The human glutathione S-transferase P1-1 gene: modulation of expression by retinoic acid and insulin.

Glutathione S-transferases (GSTs) are a group of enzymes which play an important role in the detoxication of xenobiotics. It is shown that the expression of human glutathione S-transferase P1-1 (GSTP1-1) is suppressed by retinoic acid (RA) as the result of decreased transcription from its gene, GSTP1. Chloramphenicol acetyltransferase (CAT) assays indicate that the effect of RA on the transcription of a GSTP1 promoter-CAT fusion gene is mediated by the region -99 to +72 of GSTP1. A consensus activator protein 1-binding site, located at nucleotide position -59 to -65 of GSTP1, is suggested to be responsible for RA repression.
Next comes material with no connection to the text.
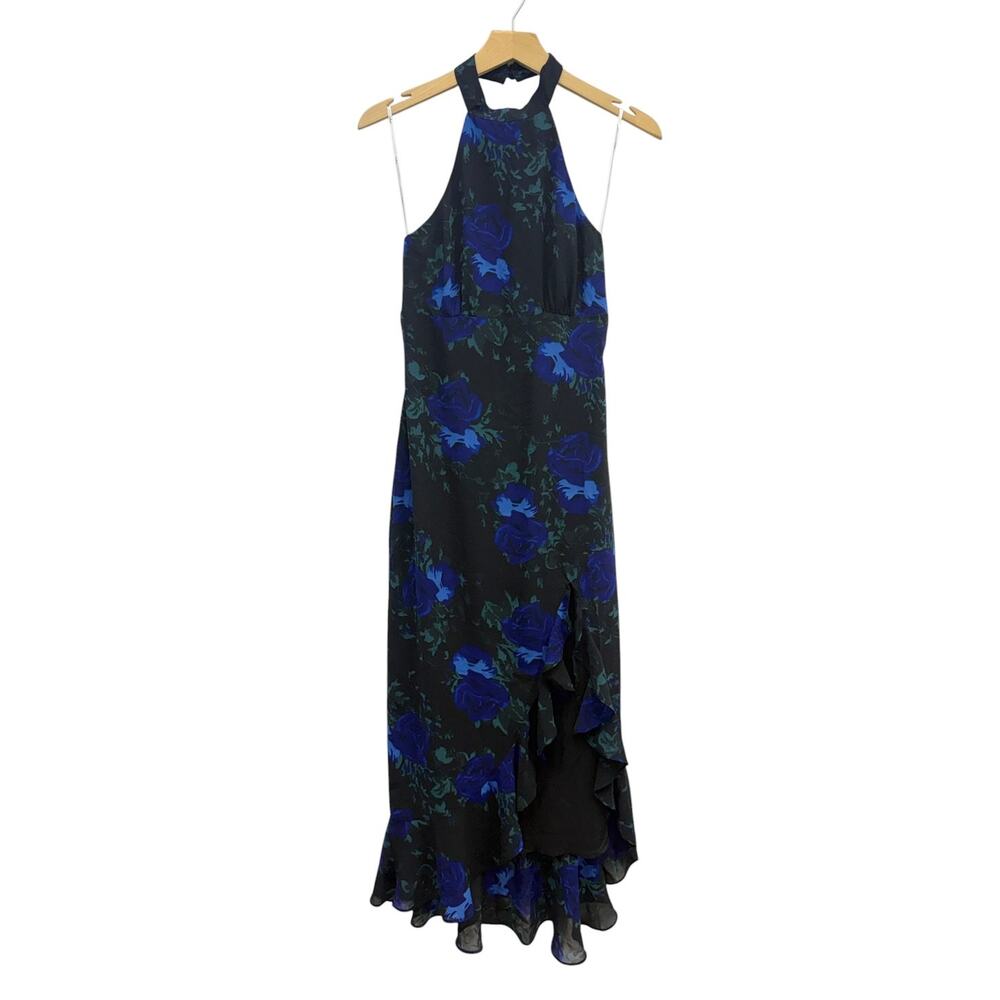Lulus Elegant Entrance Black Floral Print Halter Maxi Dress size Small NWT - Picture 3 of 6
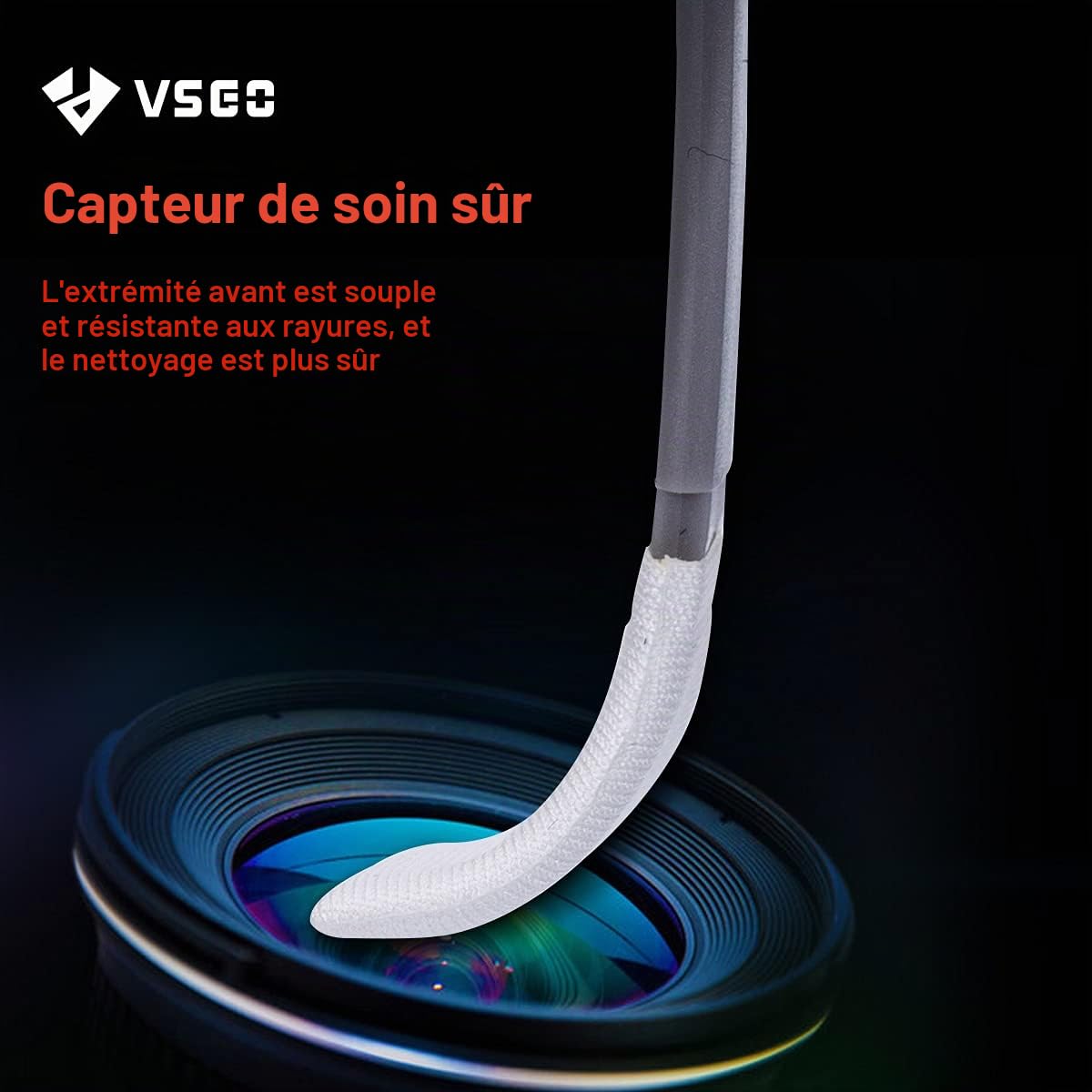 VSGO VS-S04E Kit de nettoyage de capteur d'appareil photo sans miroir pour appareils photo de format moyen, 12 tampons CMOS 34 mm et 10 ml de nettoyant inclus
This effect of RA on GSTP1 expression is mediated by the human beta-type RA receptor, hRAR beta, but not the chicken retinoid X receptor, cRXR. The retinoid X receptor does not augment the action of hRAR beta on GSTP1. In addition, it is shown that GSTP1-1 expression is enhanced by insulin as a result of increased transcription of GSTP1. Assay of CAT activity indicates that the effect of insulin on the transcription of GSTP1 is also mediated by the region -99 to +72 of GSTP1. Comparison with sequences of other insulin-responsive genes, suggests that insulin enhancement of GSTP1 expression is effected by an eight-base-pair sequence, 'CCCGCGTC', located at +48 to +55 in intron 1 of the gene. These results are discussed in relation to the increased expression of GSTP1-1 in many tumour cells.